Cette semaine, trois anciens maires de Toronto - David Crombie, Johen Sewll et Art Eggleton - ont imploré l'actuel maire Rob Ford de mettre un frein au dossier. Ils craignent les impacts négatifs sur les commerces des environs, ainsi que les problèmes sociaux qu'un tel établissement risque d'entraîner.

«Un casino n'offre absolument aucune valeur», lance pour sa part John Filion, conseiller municipal et président du Toronto Board of Health, qui fait des recommandations touchant la santé publique.

Le politicien, rencontré dans les coulisses de l'hôtel de ville rococo de Toronto, rejette en bloc les arguments des tenants du casino. Selon lui, une telle mecque du jeu ne permettra ni d'attirer de nouveaux touristes à Toronto ni d'encourager les commerces des alentours. Bien au contraire.

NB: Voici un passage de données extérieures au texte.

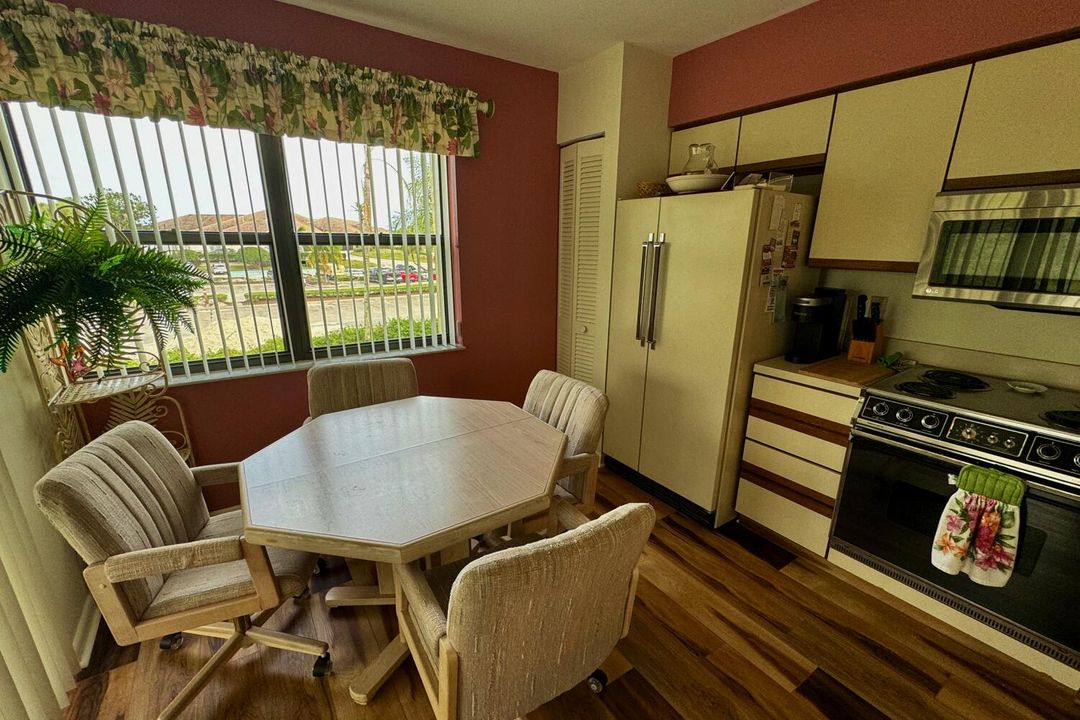 For Rent: $2,000 (2 beds, 2 baths, 1384 Square Feet)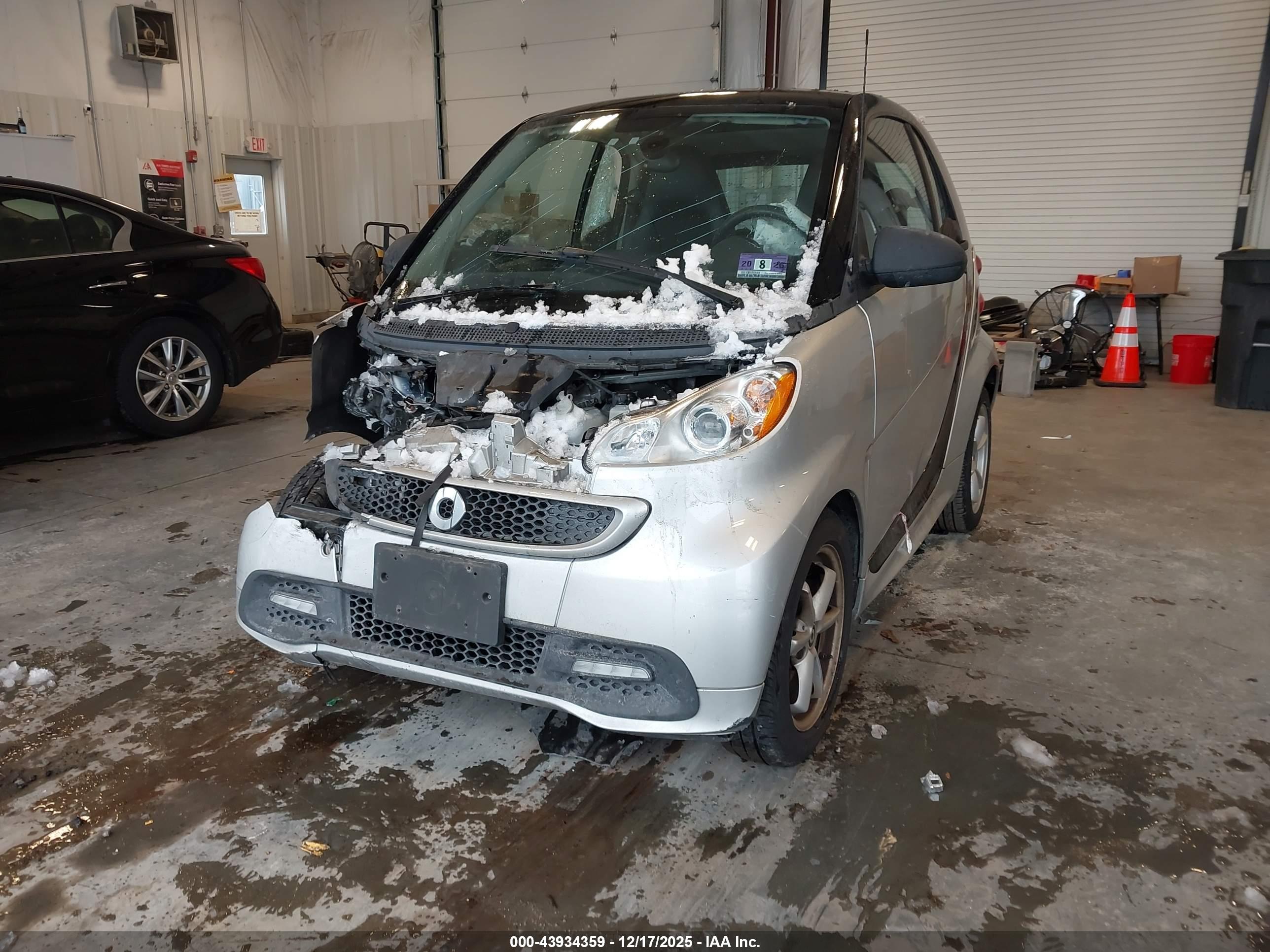 SMART FORTWO image 2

«Je vois le casino comme un trou noir, qui aspire l'énergie qu'il y a autour, lance-t-il. Il n'en ressort rien de bon. Regardez le visage des gens qui sortent du casino, ils n'ont pas l'air heureux. Comparez cela avec les gens qui sortent d'un concert, d'une pièce de théâtre ou du cinéma: ils sont inspirés, énergisés, ils ont envie de sortir prendre un verre ou manger.»

Le Dr Nigel Turner, spécialiste indépendant des problèmes de jeu au Centre for addiction and Mental Health de Toronto, s'inquiète lui aussi des effets possibles d'un mégacasino. «Toronto, en ce moment, a un des taux de joueurs à problèmes les plus bas au pays, et c'est dû en bonne partie au fait qu'il n'y a pas de casino majeur au centre-ville.»

L'expert souligne que 5500 personnes suivent chaque année un traitement contre la dépendance au jeu en Ontario, dont plusieurs milliers à Toronto. Ces joueurs compulsifs seront les premiers touchés si le projet va de l'avant, croit-il.

Concurence féroce

Au-delà des risques pour la santé publique, le Dr Nigel - comme plusieurs opposants - ne croit tout simplement pas au potentiel économique d'un casino dans une ville qui compte déjà bon nombre d'attraits touristiques, comme un festival de films de renommée mondiale. «Je doute sérieusement qu'un voyageur qui a le choix d'aller aux Bahamas, à Las Vegas ou à Monte-Carlo pour jouer choisisse Toronto!»

Le vote pour l'adoption ou le rejet du projet de casino doit avoir lieu en avril au conseil municipal. Les élus sont «très divisés», dit le conseiller John Filion, au point où il est impossible de prédire le résultat à ce stade-ci.

Les prochains mois nous diront quel camp remportera son pari.